Anyhow, I found it odd that I could simply lose 5 pounds in my sleep. Maybe this is normal. I don't normally weigh myself all the time, so maybe my weight changes overnight all the time and I never realized it. But 5 pounds? That seems like a lot to me.

Saturday, April 08, 2006

Book recommendation?

A total stranger sent me a one line message today that said, "Have you ever read Ruling Your World?"  The title threw me off a bit, since I thought it was some sort of "be aggresive" business type book.  I did a quick search on Amazon and it looks like a very good book on living life by following the principals of Buddhism.  Has anyone read it?  Here's a small excerpt from a chapter:

Contemplating worldly gain and loss reveals that we spend part of our life trying to get it together, and the other part watching it fall apart. As soon as we have time-"I have a whole hour free"-we are losing it. As soon as we make a friend, we're losing him. As soon as we have fame, it becomes tinged with notoriety. As soon as we have wealth, we're losing it. Looking for something new to gain helps us forget to look but a few seconds back at the last thing that we lost. Fabricating this chain of desire is how we keep ourselves in samsara [the cycle of desire and suffering]. We are using instability to try to make stability. We're investing in hope and fear, banking on denial of a simple truth: all the pleasure the world can offer eventually turns to pain. Everything we gain is subject to loss. Why do we put all that effort into gain when, in the end, we are going to lose it? (p 124) 

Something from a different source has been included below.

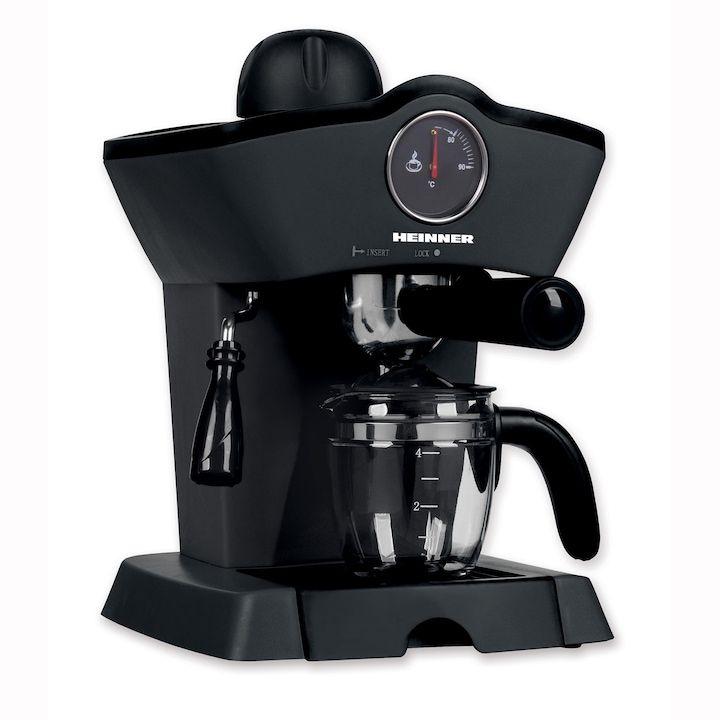 Reducere  RESIGILAT: Espressor manual Heinner Retro Effect HEM-200BK, 800W, 3.5bar, capacitate rezervor 0.24L, termometru frontal apa, optiuni preparare: espresso si cappuccino, Negru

I think I might track down a copy to read.

Friday, April 07, 2006

Finding the Stress Point

For the past two weeks or so, I've had this minor twitch on the lower edge of my left eye. From what I've read about such things, there can be several causes - lack of sleep, eye strain, or stress. When I was in high school and college I would occasionally get such a twitch, but it would only last a day or so and could usually be attributed to lack of sleep.

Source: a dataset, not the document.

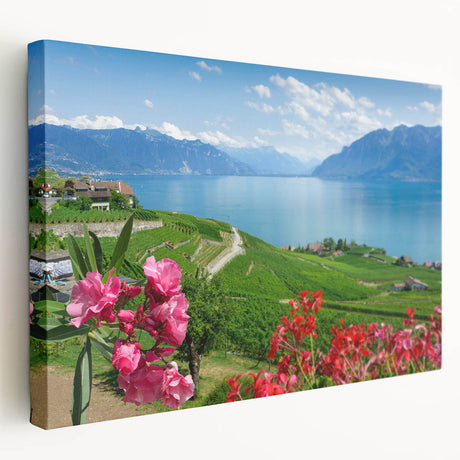 Panoramic view of Geneva with vivid blue and green tones on a stretched canvas, suitable for kitchen wall art.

The last time I had such an eye-twitch was several years ago and it lasted for about two years! It developed shortly after the sudden and unexpected break-up with my fiancée. For the longest time I wasn't sure what was causing the twitch, and over the course of two years it migrated from one eye to the other and to different parts of my eyelid. It wasn't something that was noticeable to others - it's not like I was winking all the time or anything like that, but it was some sort of minor muscle spasm on the eyelid. If I looked in the mirror when it was happening, I could see a small section of my eyelid contracting or vibrating. It wasn't something I was overly concerned about, but it was a bit annoying since it was going on for so long. What made me realize the cause was when it suddenly stopped. It stopped right after the most bizarre coincidence of my life - when I ran into my ex-fiancée in a nightclub in Providence. It was such a bizarre coincidence because I hadn't seen her in about 2 years, she lived in New Hampshire, so running into to her in Providence was a bit odd, I was supposed to be playing hockey that night but some friends at work invited me to go out with them, and not being one for going out to nightclubs, this was the first time I had gone to a nightclub in about 2 years, and oddest of all - it turned out my ex-fiancée was out on the town for her bachelorette party; she was getting married the next day! If there is some supernatural being controlling our fates, I think who ever is in charge of my fate has a very strange sense of humor. Interestingly, after this chance encounter, my eye-twitch went away.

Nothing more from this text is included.